In OOA, we find what parties/objects are there, and we get following :

Student
Course
Admin (who adds course and students)

These are called domain objects (we create class diagrams for them for use later).
How does the process work for Add Student Under Course use case, we need to analyze that.

We know Admin will start the process, but he needs an online form to fill (UI), so we need Form object. Form is just a form. When it is filled and submitted, it will send all its information to another object. What is that object? We call it Controller (so we add another object to the list). Controller will get raw data (in the form of key=value pairs), it needs to make a Student/Course object from that raw data. Who should make those objects? We need another object for that which will provide this common service for the whole system. We call it ObjectManager (some people call it lifecycle object). After Controller has Student/Course objects it needs to give them to another Object which will persist them in the system. So we need ObjectPersistors.
This is how we find objects and once we have them, we create sequence diagrams to see how to interact with each other (I am not providing sequence diagrams):

Admin -> Form -> Controller ->
Controller -> ObjectManager (returns objects to controller)
Controller -> ObjectPersistor (persists)
Controller (send success/failure message) -> Form

Above is a very short example giving an idea what we do in the analysis. We have not covered error scenarios here, but we do cover those during analysis in real.
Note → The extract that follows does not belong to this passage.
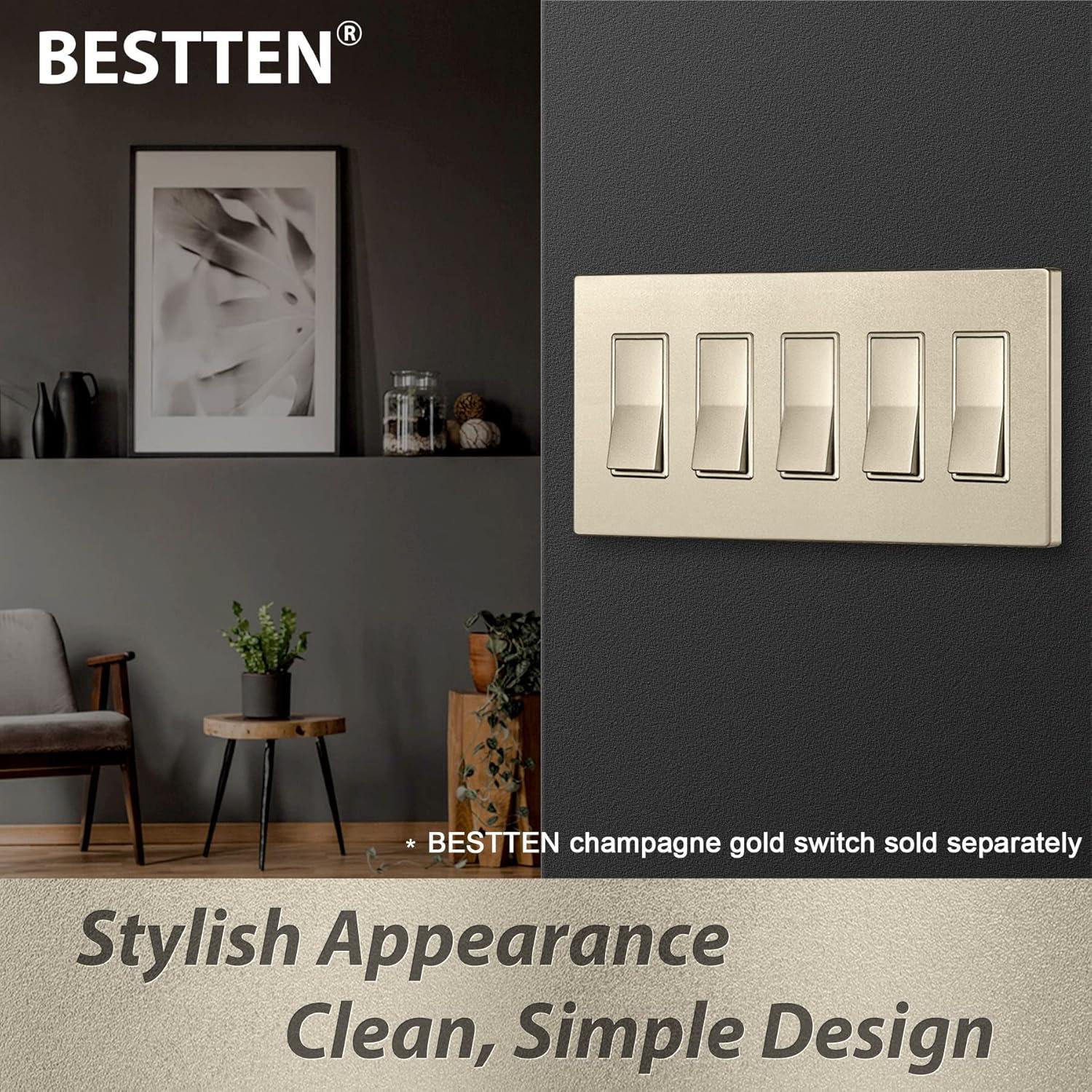 imageBESTTEN 2 Pack 3Gang Silver Screwless Wall Plate Decorator Switch Plate Outlet Cover Signature Collection USWP8 Series H469 x W654 for Dimmer ReceptacleChampagne Gold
In OOD (step 2), we take the analysis model (class diagrams and sequence diagrams) and decide the actual java/c++/any- other-oo- language classes (that’s why everybody says, in design we decide HOW to do it). We decide the actual method names, parameters their types etc. For e.g., in above case we may decide to have a Controller.java, ObjectFactory. java and ObjectDAO.java classes.

I hope you get an idea here of what OOAD is about.